In English, the definitions of random and arbitrary seem to have mushed into meaning pretty much the same thing.
From the standpoint of casual language, you may be correct, though I'm not as sure about it as you seem to be. These concepts can be amazingly slippery when discussed with someone not aware of the formal definitions.

From a formal standpoint, they are very different. "Random" means a value that cannot be predicted by what has come before; it may (and in most cases does) indicate a value that is the outcome of a stochastic process, that is, a process that has a probability distribution among the possible results. Such a process, if repeated a large number of times, will show a limited number of possible outcomes that occur at various probabilities. "Arbitrary," on the other hand, means a value that need not be connected to what has come before, but might or might not be. While this may only appear to be a shade of difference, in formal usage, one would talk about how a function would behave given an arbitrary input value if one were discussing the function pedantically, and how it would behave given a random input value if one were discussing the conclusions that can be derived from that function if it describes the consequences of a random process.

In cryptography and computing, for example, randomness means that each option appears equally, like picking 1000 numbers from 1 to 10 and each of the 10 options come up statistically the same number of times. In computing, pseudo-random number generators use previously generated numbers as input to the next number that's generated.

Arbitrariness means that each number picked does not have any connection with previous numbers. So if I were to pick 1000 numbers from 1 to 10, we couldn't say anything about the distribution of the numbers because they aren't derived from anything.
Having done a fair bit of cryptographic coding, I note that you have confused a test for randomness with randomness itself. Also, your definition of arbitrariness seems a little more like a definition of how to get randomness, not what randomness actually is; if you, for example, hit a paintbrush against your hand in front of a crowd, and ask everyone who did not get paint on them to pick a number from one to ten, the numbers they picked would be both random and arbitrary; the people chosen would be arbitrarily chosen, upon random criteria. (Assuming they did not all jump up and beat the tar out of you. ;) )

Randomness can be tested by checking that the occurrence of outcomes conforms to the expected probability distribution.
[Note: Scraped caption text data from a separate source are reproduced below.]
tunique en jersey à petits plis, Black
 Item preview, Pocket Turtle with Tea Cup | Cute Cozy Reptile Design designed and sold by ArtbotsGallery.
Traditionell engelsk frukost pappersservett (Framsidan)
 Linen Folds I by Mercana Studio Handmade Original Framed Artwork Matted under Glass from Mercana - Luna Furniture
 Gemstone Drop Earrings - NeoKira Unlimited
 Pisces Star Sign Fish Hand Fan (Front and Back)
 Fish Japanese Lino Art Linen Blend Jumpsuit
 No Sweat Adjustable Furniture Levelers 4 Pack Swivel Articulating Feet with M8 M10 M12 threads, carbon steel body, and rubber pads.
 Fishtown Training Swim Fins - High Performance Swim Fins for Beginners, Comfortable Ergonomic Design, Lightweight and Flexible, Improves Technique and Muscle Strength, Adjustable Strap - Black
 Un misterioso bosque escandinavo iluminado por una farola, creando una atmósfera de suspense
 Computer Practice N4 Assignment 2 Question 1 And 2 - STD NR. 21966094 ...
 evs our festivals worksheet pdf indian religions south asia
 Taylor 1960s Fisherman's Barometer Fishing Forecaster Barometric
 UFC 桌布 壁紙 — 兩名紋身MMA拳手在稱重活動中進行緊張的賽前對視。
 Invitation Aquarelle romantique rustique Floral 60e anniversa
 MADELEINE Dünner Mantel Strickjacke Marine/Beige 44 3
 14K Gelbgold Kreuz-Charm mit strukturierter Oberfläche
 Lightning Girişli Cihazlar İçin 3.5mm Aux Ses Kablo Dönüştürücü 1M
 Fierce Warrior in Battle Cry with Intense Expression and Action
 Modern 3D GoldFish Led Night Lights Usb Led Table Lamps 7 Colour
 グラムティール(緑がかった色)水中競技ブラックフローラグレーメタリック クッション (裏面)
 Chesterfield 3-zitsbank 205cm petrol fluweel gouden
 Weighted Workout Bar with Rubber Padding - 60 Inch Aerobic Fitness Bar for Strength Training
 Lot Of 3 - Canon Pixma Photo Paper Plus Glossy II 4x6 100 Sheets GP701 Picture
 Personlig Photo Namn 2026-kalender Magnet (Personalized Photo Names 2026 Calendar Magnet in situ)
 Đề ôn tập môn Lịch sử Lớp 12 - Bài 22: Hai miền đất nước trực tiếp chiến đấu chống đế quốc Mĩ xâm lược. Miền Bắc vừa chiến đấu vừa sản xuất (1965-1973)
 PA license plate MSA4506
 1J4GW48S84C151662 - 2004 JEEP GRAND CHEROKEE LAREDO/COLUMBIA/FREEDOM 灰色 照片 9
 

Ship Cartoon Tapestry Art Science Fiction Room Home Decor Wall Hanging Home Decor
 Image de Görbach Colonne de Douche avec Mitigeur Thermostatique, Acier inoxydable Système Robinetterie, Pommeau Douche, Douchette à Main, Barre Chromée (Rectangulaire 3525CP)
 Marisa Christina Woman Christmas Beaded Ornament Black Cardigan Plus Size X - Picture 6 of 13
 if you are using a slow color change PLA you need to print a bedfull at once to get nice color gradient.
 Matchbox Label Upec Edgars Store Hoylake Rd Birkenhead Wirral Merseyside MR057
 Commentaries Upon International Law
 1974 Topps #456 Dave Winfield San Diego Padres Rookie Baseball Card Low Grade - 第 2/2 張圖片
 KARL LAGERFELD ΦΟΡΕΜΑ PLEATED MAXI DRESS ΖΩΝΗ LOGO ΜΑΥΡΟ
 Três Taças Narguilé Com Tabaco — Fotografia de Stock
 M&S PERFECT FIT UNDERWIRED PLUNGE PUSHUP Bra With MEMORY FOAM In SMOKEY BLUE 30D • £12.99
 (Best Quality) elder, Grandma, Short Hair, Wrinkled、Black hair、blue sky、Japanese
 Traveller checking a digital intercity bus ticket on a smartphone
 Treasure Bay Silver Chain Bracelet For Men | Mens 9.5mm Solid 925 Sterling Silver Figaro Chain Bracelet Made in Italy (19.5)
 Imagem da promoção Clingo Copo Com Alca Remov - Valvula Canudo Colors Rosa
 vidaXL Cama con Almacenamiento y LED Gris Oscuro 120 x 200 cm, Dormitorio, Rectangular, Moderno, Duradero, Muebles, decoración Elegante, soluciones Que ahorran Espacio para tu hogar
That is, if the statistical universe is 1,000 picks of a number from 1 to 10, one should find equal numbers of each; whereas if the statistical universe is 1,000 decays of a photon of 1.02MeV energy into two particles, one should find almost all of the decays have resulted in the pair production of an electron and a positron, but just a few have come out as an electron neutrino and electron antineutrino. The probability distribution of arbitrary picks over a range of numbers should yield equal probability for each number; however, the probability distribution of photon decays does not yield equal probabilities of each outcome. A process, therefore, that conforms to the test of its probability distribution is a random process; but it is not the test that determines the randomness, it is the character or nature of the process that determines it.

It is a common misconception that "random" means "equal probability of all outcomes;" actually, it does not. They might have unequal probabilities, as any gambler can tell you, but still be random.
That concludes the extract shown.